[Source material]
******

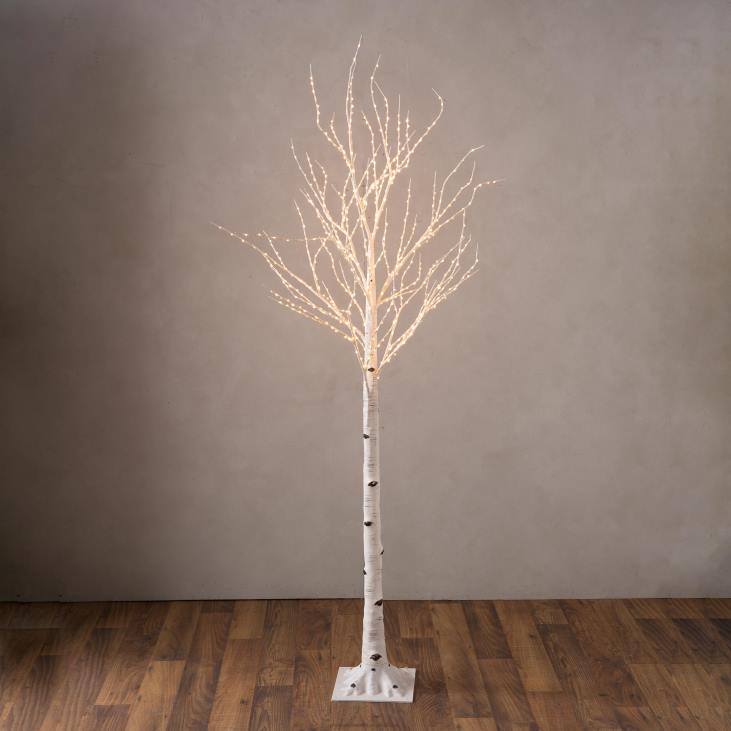 Yard & Garden Plow & Hearth Indoor/Outdoor Birch Tree with Warm White Lights NFLB23
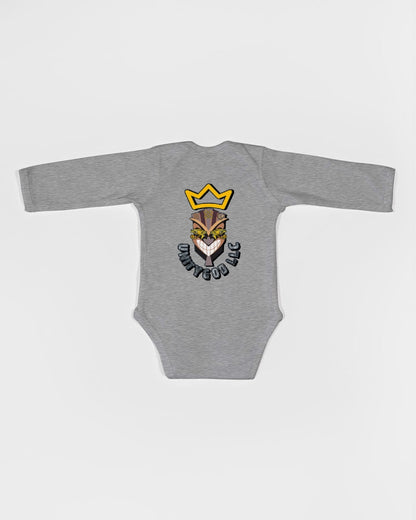 UNITY MASK Infant Long Sleeve Baby Rib Bodysuit | Rabbit Skins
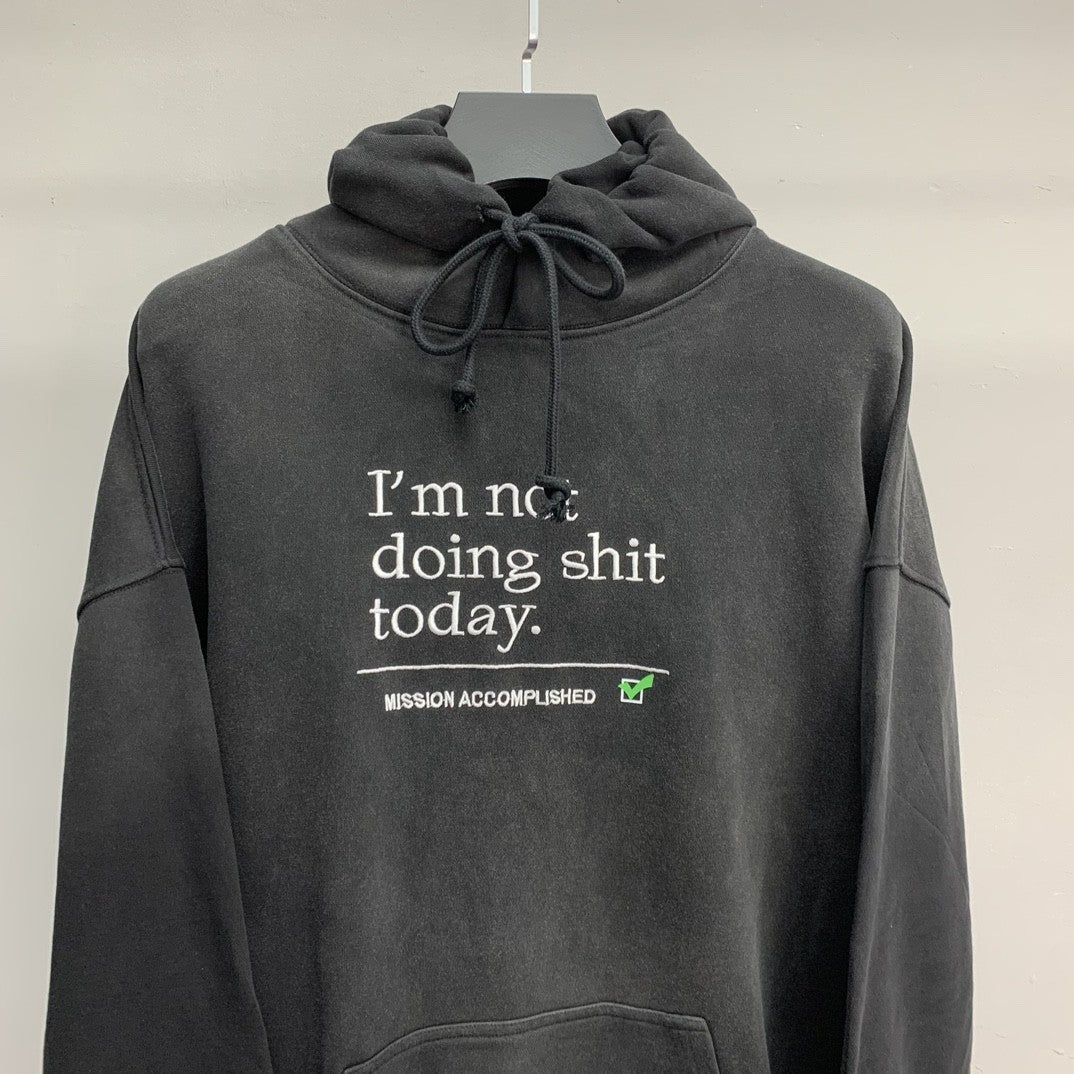 「#2300」Balenciaga lettered washed sweatshirt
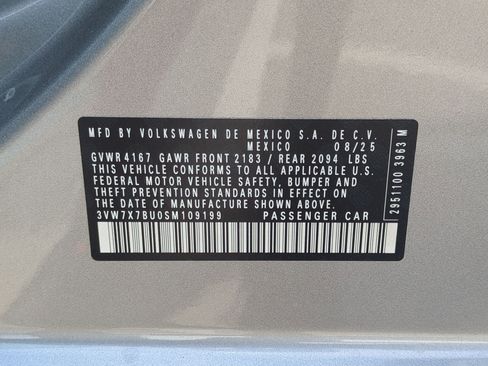 New 2025 Volkswagen Jetta SE image 21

******

[Your objective] Quote in full the listing given above; the images are to be left out.

[Output]
 Yard & Garden Plow & Hearth Indoor/Outdoor Birch Tree with Warm White Lights NFLB23
 UNITY MASK Infant Long Sleeve Baby Rib Bodysuit | Rabbit Skins
 「#2300」Balenciaga lettered washed sweatshirt
 New 2025 Volkswagen Jetta SE image 21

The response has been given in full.